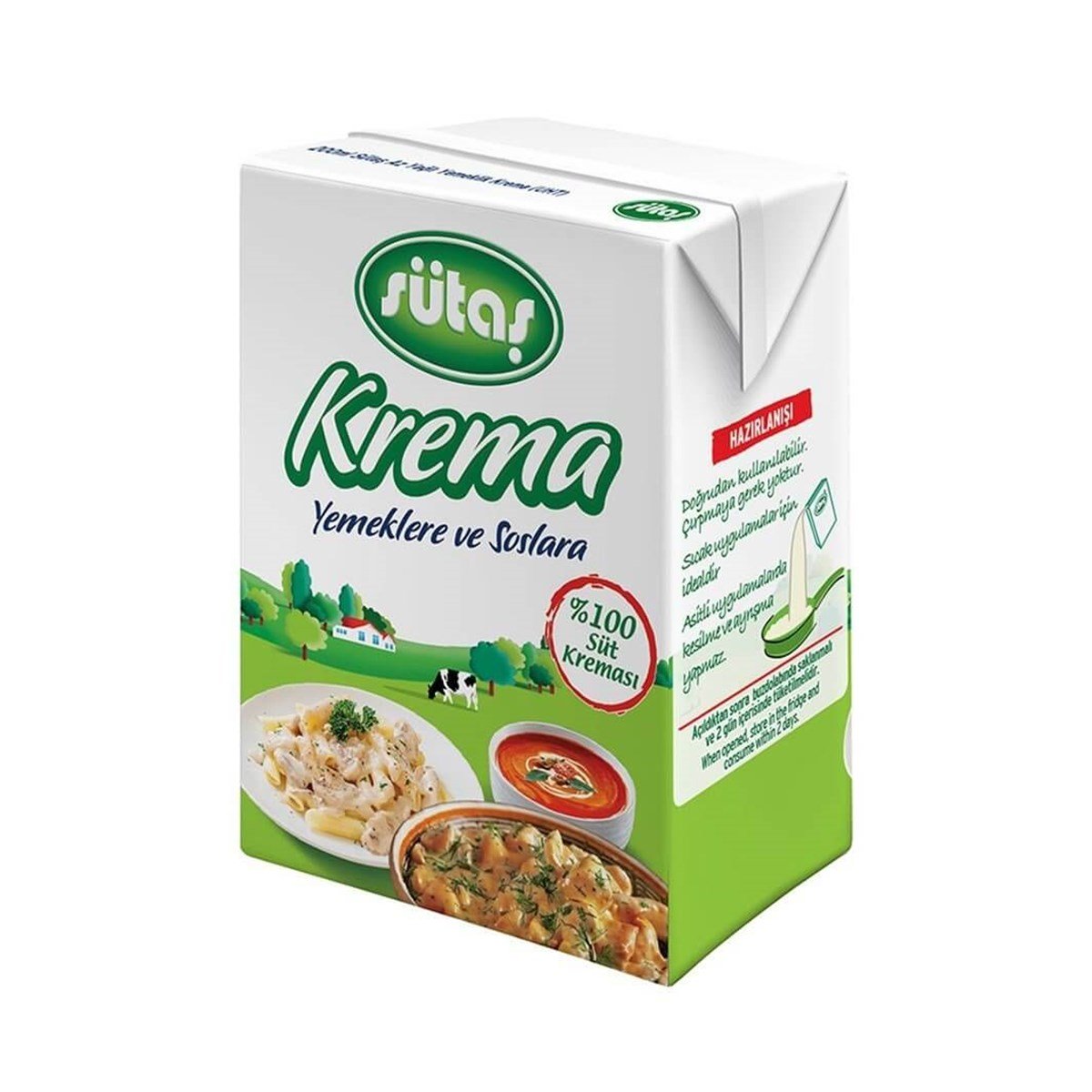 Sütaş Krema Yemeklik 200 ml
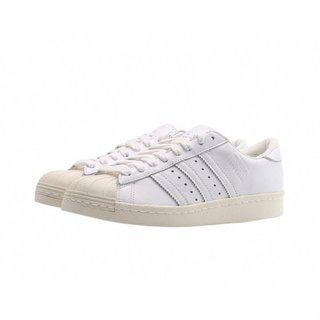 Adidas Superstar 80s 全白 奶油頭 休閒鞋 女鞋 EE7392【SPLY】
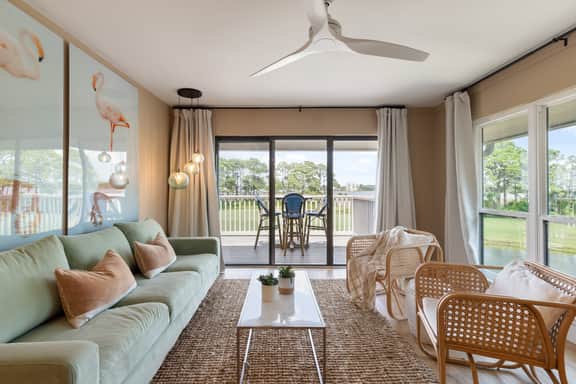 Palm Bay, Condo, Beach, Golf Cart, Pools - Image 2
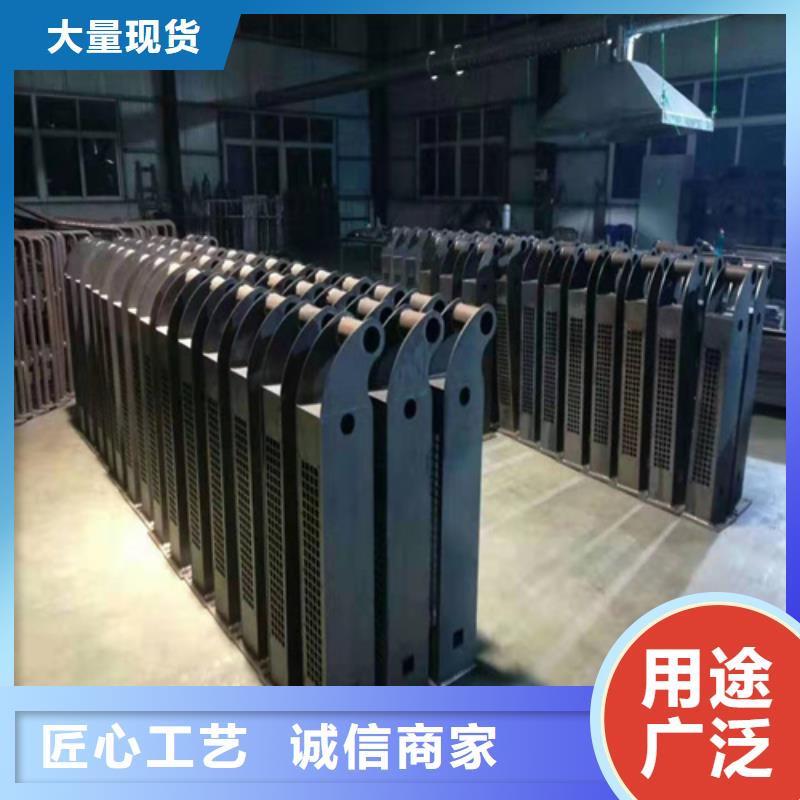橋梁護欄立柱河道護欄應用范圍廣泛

* [Your goal] Give back only the lines from the one that carries "Palm Bay, Condo, Beach, Golf" through the final line above, both included. Drop all pictures.

* [Final answer]
 Palm Bay, Condo, Beach, Golf Cart, Pools - Image 2
橋梁護欄立柱河道護欄應用范圍廣泛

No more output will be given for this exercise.